Apesar de o MPSP ter um grupo desde 2003, Débora aponta que essa atuação foi praticamente inexistente. “É um absurdo saber que até hoje não tinha um grupo para fazer algo que é obrigação do MP, que é fiscalizar a polícia, e até hoje não faz”, afirma.
Mas a atuação mais repudiada pelo movimento é uma declaração de 2015 em que uma promotora que atuava no Gaeco, Ana Maria Frigério Molinari, lançava calúnias afirmando que havia recebido a informação de que o Movimento Mães de Maio seria formado por mães de traficantes, que, após a morte de seus filhos, em maio de 2006, teriam passado a gerenciar pontos de venda de drogas, com o apoio do PCC.
A divulgação de um vídeo com as calúnias da promotora rendeu censura à Ponte em 2016 por decisão judicial e chegou a ser utilizada pela defesa de dois acusados, que foram absolvidos, durante julgamento da Chacina de Osasco. Nela, o advogado João Carlos Campanini apresentava a aparente intenção de ligar Zilda Maria de Paula, líder do movimento Mães de Osasco e mãe de Fernando Lins de Paula, morto na chacina de 2015, a uma visão criminalizada das Mães de Maio.

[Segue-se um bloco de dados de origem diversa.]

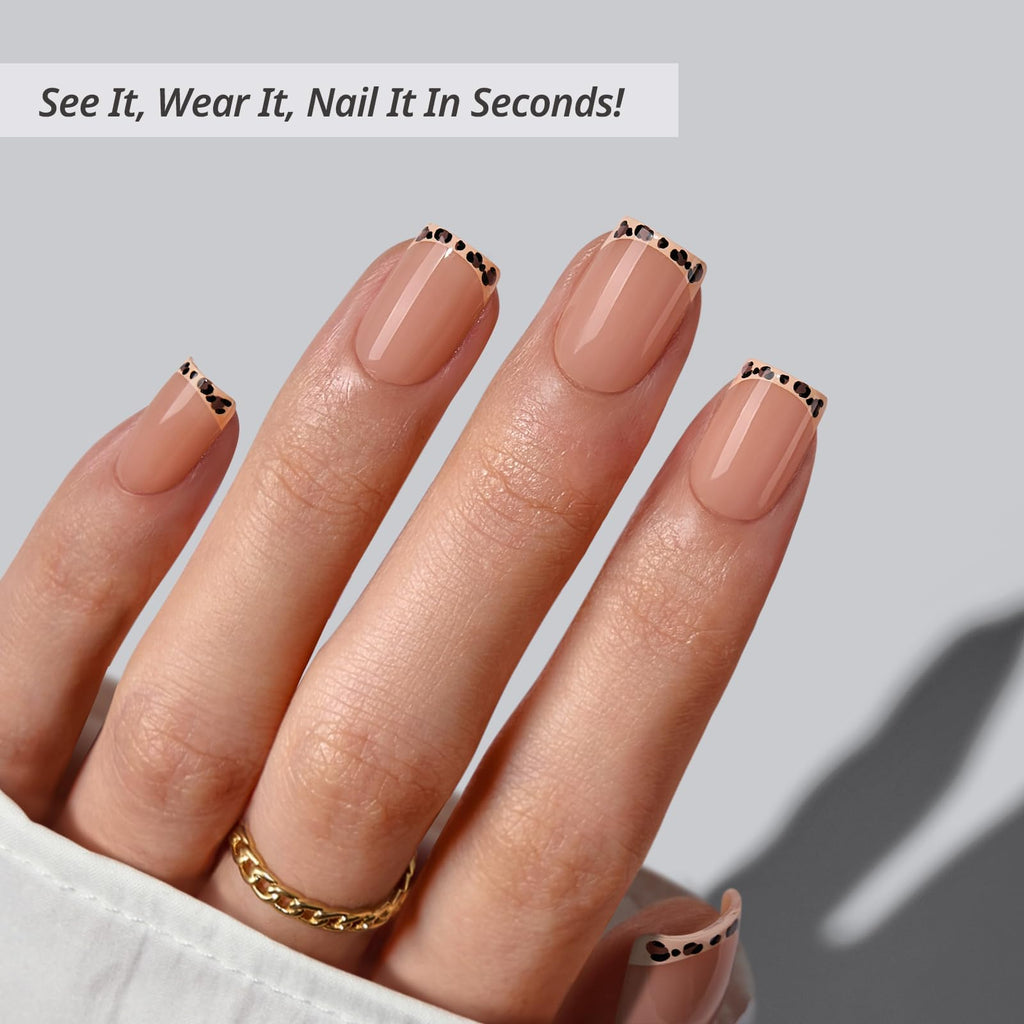 BTArtbox Press On Nails, Short Almond French Tip Nails, 32Pcs Full Kit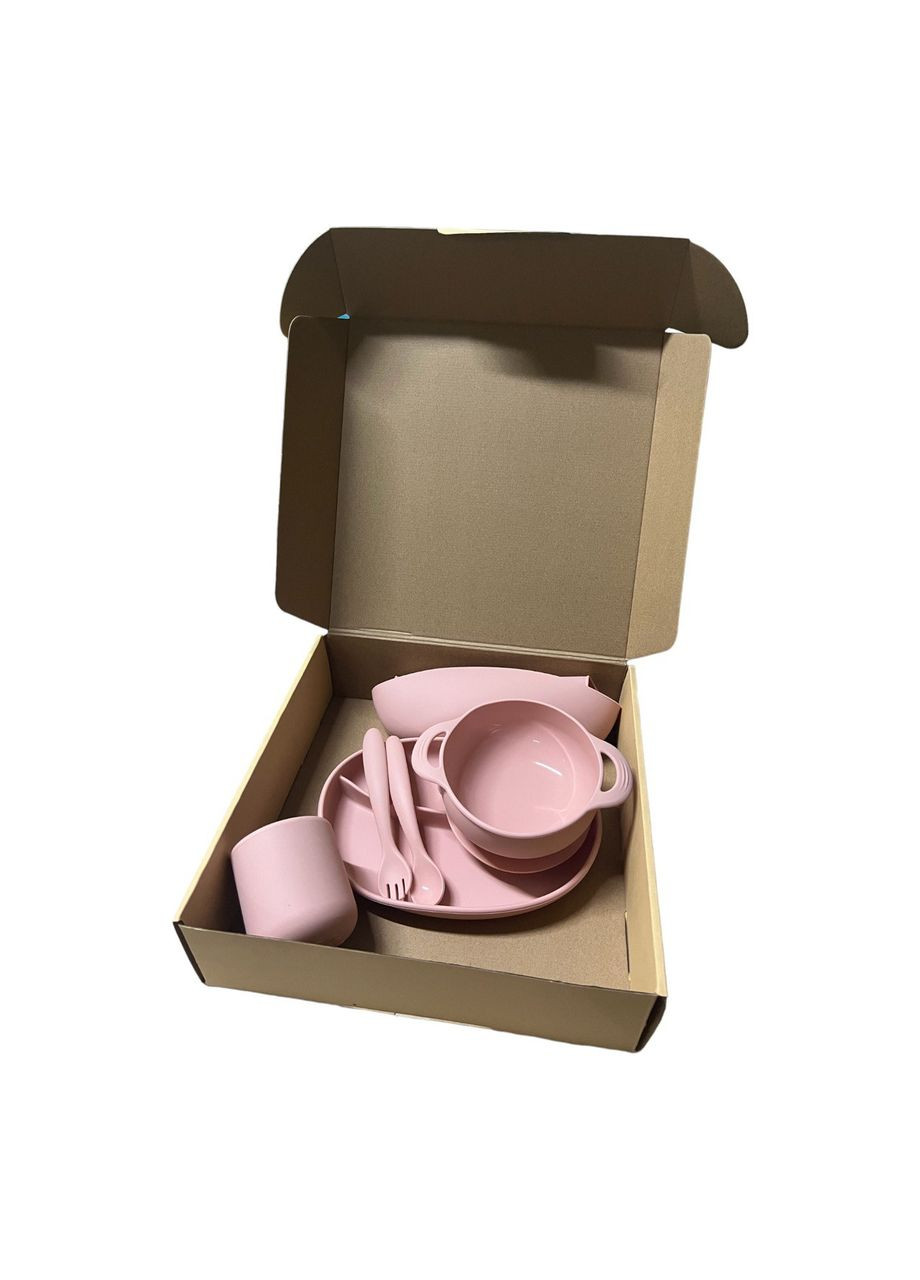 Набір силіконового посуду для першого прикорму дітей, 6 предметів, Pink oldbro (330766683)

Ele continua usando as calúnias em júris de PMs. A promotora não foi punida e o movimento cobra que o Conselho Nacional do Ministério Público (CNMP) reabra a apuração da conduta da servidora.
O que diz a polícia
A reportagem questionou a Secretaria da Segurança Pública sobre o novo grupo do MPSP. A pasta encaminhou a seguinte nota:
O MP já exerce papel fiscalizatório sobre a atividade policial. A Secretaria de Segurança Pública sempre esteve à disposição para prestar as informações necessários ao exercício dessa atividade. Todas os dados solicitados pelo MP serão fornecidos pela SSP.